During the first lockdown from April to June, barley usage by brewers, maltsters and distillers was down 27% compared to the same period in 2019 and this reduction is likely to be repeated again this month.

If November shows a 20% drop from the five-year average, this would equate to a reduction of 30,300 tonnes. Total barley use would then be estimated at 121,100 tonnes and if December returns back to normal, with fewer restrictions then it could go back up to where it was in August.

At the end of August, 2019, the UK had exported 330,000 tonnes of barley for the 2019 crop year and exports from July to August were 134,460 tonnes, or 59% below last year. This drop is, in part, due to big yields in 2019 and an early harvest, compared to low yields and a much bigger percentage of later cut spring barley in 2020.
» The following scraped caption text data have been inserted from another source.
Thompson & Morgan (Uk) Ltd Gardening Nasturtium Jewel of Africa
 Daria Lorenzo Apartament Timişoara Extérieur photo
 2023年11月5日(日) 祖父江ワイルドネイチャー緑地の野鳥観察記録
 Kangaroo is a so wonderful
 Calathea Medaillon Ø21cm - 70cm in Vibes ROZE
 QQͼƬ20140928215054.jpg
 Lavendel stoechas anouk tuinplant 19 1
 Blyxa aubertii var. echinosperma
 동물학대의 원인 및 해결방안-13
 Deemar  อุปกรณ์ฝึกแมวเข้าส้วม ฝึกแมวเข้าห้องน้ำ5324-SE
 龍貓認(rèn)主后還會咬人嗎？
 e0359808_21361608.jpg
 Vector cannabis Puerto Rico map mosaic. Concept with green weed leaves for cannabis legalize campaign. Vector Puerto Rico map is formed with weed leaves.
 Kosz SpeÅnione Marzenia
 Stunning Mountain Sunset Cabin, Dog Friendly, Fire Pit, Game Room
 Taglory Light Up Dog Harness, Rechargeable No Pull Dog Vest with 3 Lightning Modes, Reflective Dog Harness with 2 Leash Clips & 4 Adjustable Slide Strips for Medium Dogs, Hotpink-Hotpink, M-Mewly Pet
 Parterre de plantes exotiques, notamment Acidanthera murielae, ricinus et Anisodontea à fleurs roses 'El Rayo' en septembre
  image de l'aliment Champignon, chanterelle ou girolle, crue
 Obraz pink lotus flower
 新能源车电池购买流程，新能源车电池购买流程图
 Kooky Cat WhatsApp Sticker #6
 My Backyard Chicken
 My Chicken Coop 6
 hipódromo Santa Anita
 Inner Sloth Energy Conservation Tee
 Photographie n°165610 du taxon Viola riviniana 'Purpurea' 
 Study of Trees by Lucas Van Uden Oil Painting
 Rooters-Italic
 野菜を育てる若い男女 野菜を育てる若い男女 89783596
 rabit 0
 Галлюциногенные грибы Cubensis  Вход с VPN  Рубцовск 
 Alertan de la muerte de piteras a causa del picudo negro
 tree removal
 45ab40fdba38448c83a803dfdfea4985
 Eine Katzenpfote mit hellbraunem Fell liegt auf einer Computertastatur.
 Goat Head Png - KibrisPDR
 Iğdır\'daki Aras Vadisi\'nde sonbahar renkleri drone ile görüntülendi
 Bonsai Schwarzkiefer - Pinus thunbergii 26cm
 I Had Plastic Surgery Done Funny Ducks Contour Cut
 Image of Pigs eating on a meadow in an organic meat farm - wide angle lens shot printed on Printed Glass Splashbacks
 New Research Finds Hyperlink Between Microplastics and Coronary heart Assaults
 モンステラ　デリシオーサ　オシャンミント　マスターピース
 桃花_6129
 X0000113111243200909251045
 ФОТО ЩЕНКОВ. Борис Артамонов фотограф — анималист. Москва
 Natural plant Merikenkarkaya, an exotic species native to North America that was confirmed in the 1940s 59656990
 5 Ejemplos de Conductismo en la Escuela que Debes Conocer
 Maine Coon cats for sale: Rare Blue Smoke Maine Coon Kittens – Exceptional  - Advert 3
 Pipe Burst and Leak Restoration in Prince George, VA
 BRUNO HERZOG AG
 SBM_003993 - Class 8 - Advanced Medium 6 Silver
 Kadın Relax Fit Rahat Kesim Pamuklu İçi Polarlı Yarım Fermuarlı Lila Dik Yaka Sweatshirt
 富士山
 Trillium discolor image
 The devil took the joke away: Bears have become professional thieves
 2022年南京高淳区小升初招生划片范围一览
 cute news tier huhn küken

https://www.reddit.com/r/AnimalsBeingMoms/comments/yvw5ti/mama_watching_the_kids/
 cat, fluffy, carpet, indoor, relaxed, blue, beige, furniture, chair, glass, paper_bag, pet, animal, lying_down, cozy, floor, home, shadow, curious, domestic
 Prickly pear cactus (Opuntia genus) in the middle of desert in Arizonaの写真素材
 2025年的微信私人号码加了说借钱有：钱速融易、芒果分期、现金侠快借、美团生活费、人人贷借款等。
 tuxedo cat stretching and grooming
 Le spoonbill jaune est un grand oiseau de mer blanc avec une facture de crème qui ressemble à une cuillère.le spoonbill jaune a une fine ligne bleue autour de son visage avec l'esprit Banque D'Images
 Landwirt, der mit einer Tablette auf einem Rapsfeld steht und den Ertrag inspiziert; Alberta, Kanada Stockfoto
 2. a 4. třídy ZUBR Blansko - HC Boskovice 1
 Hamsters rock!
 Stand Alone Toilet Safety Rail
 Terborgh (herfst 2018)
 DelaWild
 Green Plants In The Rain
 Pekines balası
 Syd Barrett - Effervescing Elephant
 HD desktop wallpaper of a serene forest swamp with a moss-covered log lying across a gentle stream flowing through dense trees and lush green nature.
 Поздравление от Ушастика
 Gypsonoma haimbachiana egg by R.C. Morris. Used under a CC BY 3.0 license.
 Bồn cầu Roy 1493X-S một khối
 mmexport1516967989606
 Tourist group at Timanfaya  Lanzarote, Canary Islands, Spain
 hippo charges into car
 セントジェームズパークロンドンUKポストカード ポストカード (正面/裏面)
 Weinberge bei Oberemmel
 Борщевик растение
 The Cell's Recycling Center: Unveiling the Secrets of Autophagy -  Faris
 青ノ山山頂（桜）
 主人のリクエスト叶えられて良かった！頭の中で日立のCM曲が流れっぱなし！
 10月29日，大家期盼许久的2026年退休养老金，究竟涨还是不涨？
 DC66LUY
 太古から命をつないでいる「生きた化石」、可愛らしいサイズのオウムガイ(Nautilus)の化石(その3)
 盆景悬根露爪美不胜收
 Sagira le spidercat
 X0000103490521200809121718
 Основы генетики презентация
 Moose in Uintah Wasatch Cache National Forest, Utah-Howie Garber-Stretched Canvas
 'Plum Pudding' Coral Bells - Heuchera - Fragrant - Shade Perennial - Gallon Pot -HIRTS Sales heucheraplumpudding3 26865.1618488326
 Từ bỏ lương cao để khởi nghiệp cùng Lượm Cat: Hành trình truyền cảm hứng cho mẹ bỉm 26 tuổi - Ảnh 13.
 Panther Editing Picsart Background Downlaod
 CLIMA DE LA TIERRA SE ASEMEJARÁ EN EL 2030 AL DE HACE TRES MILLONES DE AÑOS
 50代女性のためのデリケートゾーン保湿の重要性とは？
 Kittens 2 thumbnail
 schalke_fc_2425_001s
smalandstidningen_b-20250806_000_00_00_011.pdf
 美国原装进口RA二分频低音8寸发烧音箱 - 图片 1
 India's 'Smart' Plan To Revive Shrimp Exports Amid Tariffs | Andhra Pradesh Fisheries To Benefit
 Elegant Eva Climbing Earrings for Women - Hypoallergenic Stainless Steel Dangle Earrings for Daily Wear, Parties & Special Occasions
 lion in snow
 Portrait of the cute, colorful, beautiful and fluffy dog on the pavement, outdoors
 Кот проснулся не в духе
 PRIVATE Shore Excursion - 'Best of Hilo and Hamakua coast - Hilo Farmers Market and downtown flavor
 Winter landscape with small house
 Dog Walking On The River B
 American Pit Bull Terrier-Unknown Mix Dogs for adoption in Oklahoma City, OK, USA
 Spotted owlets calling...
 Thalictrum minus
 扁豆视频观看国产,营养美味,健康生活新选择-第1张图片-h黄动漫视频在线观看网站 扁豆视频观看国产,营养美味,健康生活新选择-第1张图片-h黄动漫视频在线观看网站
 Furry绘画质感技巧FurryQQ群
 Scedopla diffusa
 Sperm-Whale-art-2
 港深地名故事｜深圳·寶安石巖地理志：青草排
Looking to the future, 800,000-900,000 tonnes of barley need to be exported by Christmas to make a hole in the total export requirement of 1.8-1.9m tonnes. Again, with Brexit coming up fast and as yet, no deal done, next year the UK could be faced with competing in a world market very different rules and regulations.

There has been an estimated 6% fall in the UK oat crop production this year, despite a 16% rise in planted area up to 211,000ha.

In England, the planted area was up 19% from 2019 but production was down by 11%, in contrast Scotland saw a 7% rise in planted area and a 19% increase in production. If confirmed, this would be the largest Scottish oat crop in recent years.

The improved quality of the crop and relatively large tonnage is keeping spot ex-farm milling oat prices under pressure, especially as in 2019-20 the largest oat crop in the 21st century was harvested. However, by the end of the marketing year on June 30, 2020, stocks were estimated to be 9% below the June, 2019, level at 106,000 tonnes.

This was due to increased domestic consumption and the largest tonnage exported since 2002-2003 of 120,000 tonnes.

Last season, an estimated 350,000 tonnes of oats were used for animal feed, an increase of 16% year-on-year and the highest for AHDB records going back to 1999-2000.

The quality and size of the 2020 crop could limit the UK’s need for imports this season, which would see imports of oats into the UK from January 1 subjected to a £74 per tonne tariff.

UK exports into the EU would face a tariff of €89 unless a trade deal is agreed – in the past five years, 95% of UK oats have been exported to the EU and it is difficult to see how any UK oats could be competitive into the EU in the second half of 2020-2021 unless a trade deal is agreed.

As the UK usually exports a greater volume of oats than it imports, this is more likely to put pressure on spot oat prices than support them.